Existe-t-il un traitement naturel contre les poux du cheval ? Plusieurs gestes naturels aident à soulager et à limiter l’infestation : tondre un pelage trop long pour priver les poux d’abri, brosser énergiquement chaque jour avec une étrille fine, laver le matériel et les couvertures à haute température, et soutenir la forme générale du cheval. Certaines huiles répulsives sont parfois utilisées, toujours diluées et avec prudence. Ces approches accompagnent le traitement mais ne remplacent pas l’avis du vétérinaire en cas d’infestation installée.

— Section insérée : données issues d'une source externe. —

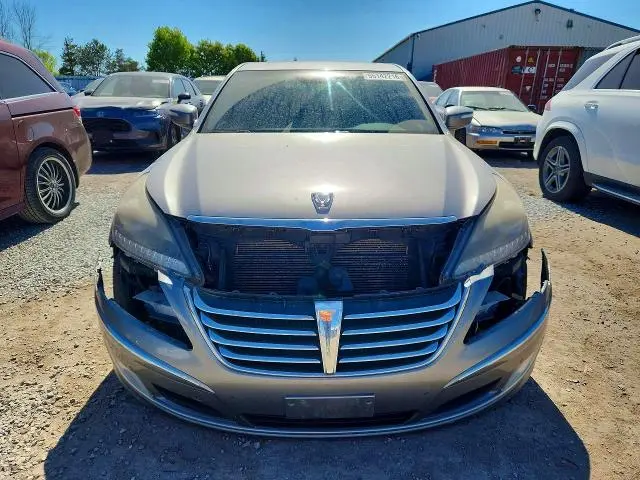 2011 HYUNDAI EQUUS SIGNATURE  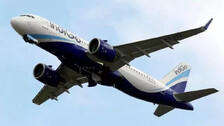 IndiGo Takes Delivery Of Its First A320 Neo Plane Powered With Sustainable Aviation Fuel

Les poux du cheval sont-ils dangereux pour l’homme ? Non. Les poux du cheval sont des parasites spécifiques des équidés : ils ne vivent ni sur l’homme, ni sur le chien ou le chat. Vous pouvez soigner votre cheval sans crainte pour vous-même. En revanche, ils se transmettent très facilement d’un cheval à l’autre, d’où l’importance d’isoler l’animal atteint et son matériel.
Faut-il renouveler le traitement contre les poux ? Oui, c’est indispensable. La plupart des produits éliminent les poux adultes et les larves, mais pas toujours les lentes (les œufs). Un second traitement, généralement une à deux semaines après le premier, détruit les parasites fraîchement éclos avant qu’ils ne pondent à nouveau. Sans ce rappel, l’infestation repart très souvent.
Comment prévenir l’apparition des poux ? Inspectez le pelage chaque semaine en hiver, ne partagez pas le matériel de pansage entre chevaux (ou désinfectez-le), lavez régulièrement brosses et couvertures, isolez tout nouvel arrivant le temps de l’observer, et maintenez un box propre. Un cheval en bonne forme et régulièrement pansé constitue le meilleur rempart contre les parasites.